Imam Ali kw berkata tentang melihat perempuan, “pandangan pertama itu rezeki, sedangkan yang kedua adalah fitnah”. Rasulullah saw pun bersabda “apabila engkau berhasrat sesuatu kepada wanita, maka datangilah istrimu, sesungguhnya apa yang engkau cari ada padanya”. Demikian aspek syariat membuat koridor dalam berkehidupan agar hati tertib, hingga tertiblah seluruh tubuh, tidak sembarangan dipakai tanpa aturan Sang Pencipta.
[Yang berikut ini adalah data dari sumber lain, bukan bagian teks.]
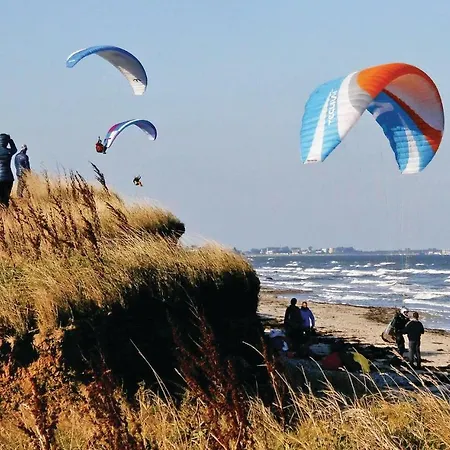 펜션 Haus Seeadler 5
Rasa hati yang tidak tepat bisa memburamkan qalb. Maka harus banyak-banyak istighfar. Supaya tidak lanjut ke tingkat karsa apalagi karya.
Kebanyakan orang ‘menghukumi’ seseorang dari aspek ‘karya’, perbuatan yang tampak oleh mata. Perzinaan, pencurian, pembunuhan dihukumi. Akan tetapi aspek yang tiga (rasa-cipta-karya) juga tidak kalah berbahayanya dan perintah Allah sama kuatnya melarang hal yang tidak tampak ini. Yaitu jangan takabur, jangan dengki, tidak boleh bangga diri, jangan berkeluh kesah dll.
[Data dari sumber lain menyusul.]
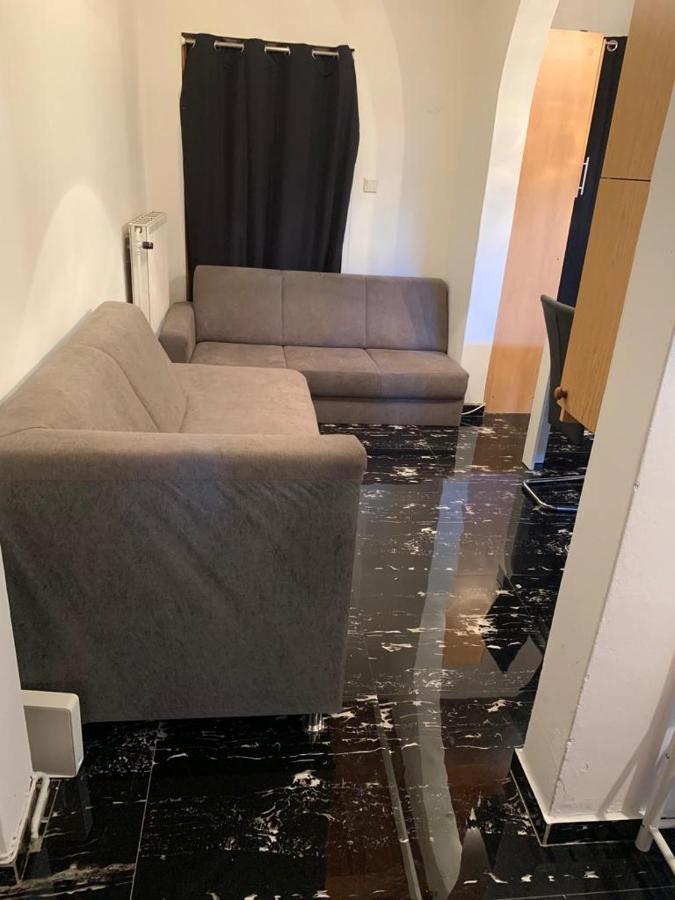 Apartment Ariana Vienna Luaran gambar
Seringkali seseorang merasa dirinya sudah beragama karena sudah melakukan semua aspek jasadiyah; sholat, shaum, zakat, naik haji. Tapi kenapa hatinya kebanyakan tetap buta? Karena ada aspek dalam yang tidak dijaga.
Maka eksistensi ilmu tasawuf dalam khazanah Islam itu sangat penting, karena tasawuf memperdalam ilmu mengolah aspek rasa karsa cipta. Orang sufi yang benar tentu juga akan mengolah karya, hingga ia tidak mungkin menyepelekan syariah. Semuanya dilakukan secara beriringan dan harmoni.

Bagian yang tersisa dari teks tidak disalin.